Cette banque de graines peut renfermer 4,5 millions de sortes de semences différentes. Pour éviter les variations de températures, la réserve n’ouvre que 5 à 6 fois par an, à l’arrivée de nouvelles graines.

« Les semences nous viennent de banques de graines qui existent déjà, en Afrique, en Asie, en Europe ou en Amérique » précise Roland Von Bothmer. « Les graines sont mises dans des boites puis dans des conteneurs et elles transitent par Oslo avant d’arriver ici. Moi ou mon collègue, nous les plaçons dans la réserve et nous enregistrons toutes les informations nécessaires sur une immense banque de données. Pour chaque variété, nous avons 500 exemples de semences identiques. Mais il y a malheureusement plein de choses que nous ne pouvons pas conserver dans des banques de graines, de nombreux fruits par exemple, car nous devons les conserver vivants… Beaucoup de produits des tropiques ne peuvent pas être conservés non plus, comme les noix de cocos ou les bananes. »

La mission du Svalbard Global Seed Vault est de fournir une protection contre les pertes accidentelles de variétés dans les banques génétiques traditionnelles.

« Ici, on ne fait aucun travail de recherche, et on ne fait rien pousser non plus. C’est un vrai système de sauvegarde, en cas de problème dans les pays d’origine des semences. Par exemple, dans les pays aux moyens économiques limités, il arrive qu’on ne paye pas l’électricité et au bout de quelques années, les semences meurent… En Égypte, on a aussi eu récemment des problèmes d’information et beaucoup de matériel a disparu. S’il arrive une quelconque catastrophe, climatique, ou politique, les banques qui placent leurs graines à Svalbard sauront qu’ici, elles sont protégées. »
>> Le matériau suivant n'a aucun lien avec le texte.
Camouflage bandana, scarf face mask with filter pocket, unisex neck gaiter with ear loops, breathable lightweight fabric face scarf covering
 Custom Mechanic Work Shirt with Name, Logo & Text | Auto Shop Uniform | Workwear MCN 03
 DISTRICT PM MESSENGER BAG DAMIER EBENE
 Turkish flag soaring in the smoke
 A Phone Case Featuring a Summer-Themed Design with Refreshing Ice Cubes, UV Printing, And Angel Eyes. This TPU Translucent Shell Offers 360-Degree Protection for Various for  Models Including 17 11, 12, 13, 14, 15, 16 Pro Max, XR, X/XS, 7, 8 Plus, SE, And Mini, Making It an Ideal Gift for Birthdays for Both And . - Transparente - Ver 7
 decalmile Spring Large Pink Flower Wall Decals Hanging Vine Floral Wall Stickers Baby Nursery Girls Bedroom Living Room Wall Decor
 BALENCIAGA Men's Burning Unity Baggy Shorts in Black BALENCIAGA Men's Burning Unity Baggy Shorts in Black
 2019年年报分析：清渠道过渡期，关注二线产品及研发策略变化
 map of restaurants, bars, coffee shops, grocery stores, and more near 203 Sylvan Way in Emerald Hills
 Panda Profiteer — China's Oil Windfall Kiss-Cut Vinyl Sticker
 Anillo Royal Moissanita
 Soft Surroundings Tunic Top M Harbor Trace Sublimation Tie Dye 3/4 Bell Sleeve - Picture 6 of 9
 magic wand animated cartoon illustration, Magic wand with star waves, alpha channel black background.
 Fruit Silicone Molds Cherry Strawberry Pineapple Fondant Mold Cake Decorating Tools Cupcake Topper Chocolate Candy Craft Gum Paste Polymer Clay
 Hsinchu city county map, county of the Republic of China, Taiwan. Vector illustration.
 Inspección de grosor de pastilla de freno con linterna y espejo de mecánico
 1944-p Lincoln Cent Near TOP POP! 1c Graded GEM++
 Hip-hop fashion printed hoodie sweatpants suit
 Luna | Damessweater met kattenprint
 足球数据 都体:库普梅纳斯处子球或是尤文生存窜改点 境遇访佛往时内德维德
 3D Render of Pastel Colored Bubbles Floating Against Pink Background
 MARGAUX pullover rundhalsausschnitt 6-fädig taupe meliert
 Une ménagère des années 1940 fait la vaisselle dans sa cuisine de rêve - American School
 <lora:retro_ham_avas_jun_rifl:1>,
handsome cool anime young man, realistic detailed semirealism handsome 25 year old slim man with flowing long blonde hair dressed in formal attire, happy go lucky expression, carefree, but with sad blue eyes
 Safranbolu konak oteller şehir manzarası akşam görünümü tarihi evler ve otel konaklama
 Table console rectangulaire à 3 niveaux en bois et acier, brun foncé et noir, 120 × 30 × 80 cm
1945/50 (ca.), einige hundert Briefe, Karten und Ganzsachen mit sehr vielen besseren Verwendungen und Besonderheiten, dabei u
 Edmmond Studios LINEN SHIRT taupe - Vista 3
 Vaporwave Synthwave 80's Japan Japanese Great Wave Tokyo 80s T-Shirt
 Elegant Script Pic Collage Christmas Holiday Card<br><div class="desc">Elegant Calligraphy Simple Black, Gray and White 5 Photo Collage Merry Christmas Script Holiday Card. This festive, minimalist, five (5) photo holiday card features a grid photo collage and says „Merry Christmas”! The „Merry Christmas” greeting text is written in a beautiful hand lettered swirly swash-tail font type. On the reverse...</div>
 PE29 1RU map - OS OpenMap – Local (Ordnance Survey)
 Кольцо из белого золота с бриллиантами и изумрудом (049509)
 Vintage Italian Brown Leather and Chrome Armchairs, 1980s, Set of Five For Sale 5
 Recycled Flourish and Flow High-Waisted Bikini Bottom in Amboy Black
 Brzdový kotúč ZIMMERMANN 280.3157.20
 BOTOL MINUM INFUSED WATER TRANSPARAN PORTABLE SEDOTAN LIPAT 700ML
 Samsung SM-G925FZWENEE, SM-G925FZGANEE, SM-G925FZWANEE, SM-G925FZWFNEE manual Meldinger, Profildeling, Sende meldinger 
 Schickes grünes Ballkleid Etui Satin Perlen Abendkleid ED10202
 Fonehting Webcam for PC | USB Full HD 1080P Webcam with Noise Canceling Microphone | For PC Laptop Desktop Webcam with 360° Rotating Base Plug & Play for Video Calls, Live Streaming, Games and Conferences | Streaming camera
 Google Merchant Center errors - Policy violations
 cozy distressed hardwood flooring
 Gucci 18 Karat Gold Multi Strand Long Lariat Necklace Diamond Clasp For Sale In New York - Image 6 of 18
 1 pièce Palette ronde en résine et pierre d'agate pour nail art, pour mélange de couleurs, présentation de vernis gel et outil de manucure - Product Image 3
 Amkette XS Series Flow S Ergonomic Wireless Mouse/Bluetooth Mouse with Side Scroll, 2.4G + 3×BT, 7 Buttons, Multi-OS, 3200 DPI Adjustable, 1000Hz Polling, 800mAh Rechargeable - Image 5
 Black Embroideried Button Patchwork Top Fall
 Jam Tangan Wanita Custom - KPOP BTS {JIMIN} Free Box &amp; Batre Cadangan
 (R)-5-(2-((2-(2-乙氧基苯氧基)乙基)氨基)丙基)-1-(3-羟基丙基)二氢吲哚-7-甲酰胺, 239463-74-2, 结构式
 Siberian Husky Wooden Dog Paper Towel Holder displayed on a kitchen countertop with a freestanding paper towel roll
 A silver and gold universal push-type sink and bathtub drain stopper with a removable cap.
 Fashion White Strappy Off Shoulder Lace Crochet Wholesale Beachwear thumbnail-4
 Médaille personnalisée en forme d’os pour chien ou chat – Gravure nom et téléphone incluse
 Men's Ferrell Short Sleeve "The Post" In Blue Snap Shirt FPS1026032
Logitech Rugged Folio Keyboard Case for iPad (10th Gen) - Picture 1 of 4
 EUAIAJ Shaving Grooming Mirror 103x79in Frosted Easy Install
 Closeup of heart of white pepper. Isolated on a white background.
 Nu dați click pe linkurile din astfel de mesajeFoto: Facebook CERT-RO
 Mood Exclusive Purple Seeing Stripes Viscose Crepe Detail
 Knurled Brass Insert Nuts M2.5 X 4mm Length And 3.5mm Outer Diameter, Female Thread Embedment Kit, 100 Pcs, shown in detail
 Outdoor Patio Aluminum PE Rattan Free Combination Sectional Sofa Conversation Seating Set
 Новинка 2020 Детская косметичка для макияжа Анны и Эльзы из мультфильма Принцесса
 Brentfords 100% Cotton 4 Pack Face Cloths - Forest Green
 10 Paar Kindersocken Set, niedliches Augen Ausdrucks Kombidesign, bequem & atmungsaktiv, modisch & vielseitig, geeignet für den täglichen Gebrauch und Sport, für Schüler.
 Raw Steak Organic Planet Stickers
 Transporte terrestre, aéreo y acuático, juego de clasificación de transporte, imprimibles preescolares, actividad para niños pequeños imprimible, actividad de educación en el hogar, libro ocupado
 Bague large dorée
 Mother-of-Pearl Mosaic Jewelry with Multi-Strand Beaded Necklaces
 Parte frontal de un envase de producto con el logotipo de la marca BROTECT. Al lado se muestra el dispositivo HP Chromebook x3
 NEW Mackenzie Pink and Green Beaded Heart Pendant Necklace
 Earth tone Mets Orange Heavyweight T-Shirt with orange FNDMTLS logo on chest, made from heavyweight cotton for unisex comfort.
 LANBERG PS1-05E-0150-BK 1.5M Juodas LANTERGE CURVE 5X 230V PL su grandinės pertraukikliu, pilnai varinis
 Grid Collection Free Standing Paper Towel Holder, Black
Le Svalbard Global Seed Vault est financé par diverses fondations dont la Fondation Rockefeller, la Fondation Bill-et-Melinda-Gates (Bill & Melinda Gates Foundation) et la Fondation Syngenta mais aussi le gouvernement de Norvège, l'Australie, le Brésil, le Canada, la Colombie, l'Égypte, l'Éthiopie, l'Allemagne, l'Inde, l'Irlande, l'Italie, la Nouvelle Zélande, l'Espagne, la Suède, la Suisse, le Royaume-Uni et les États-Unis, ainsi que divers organismes privés.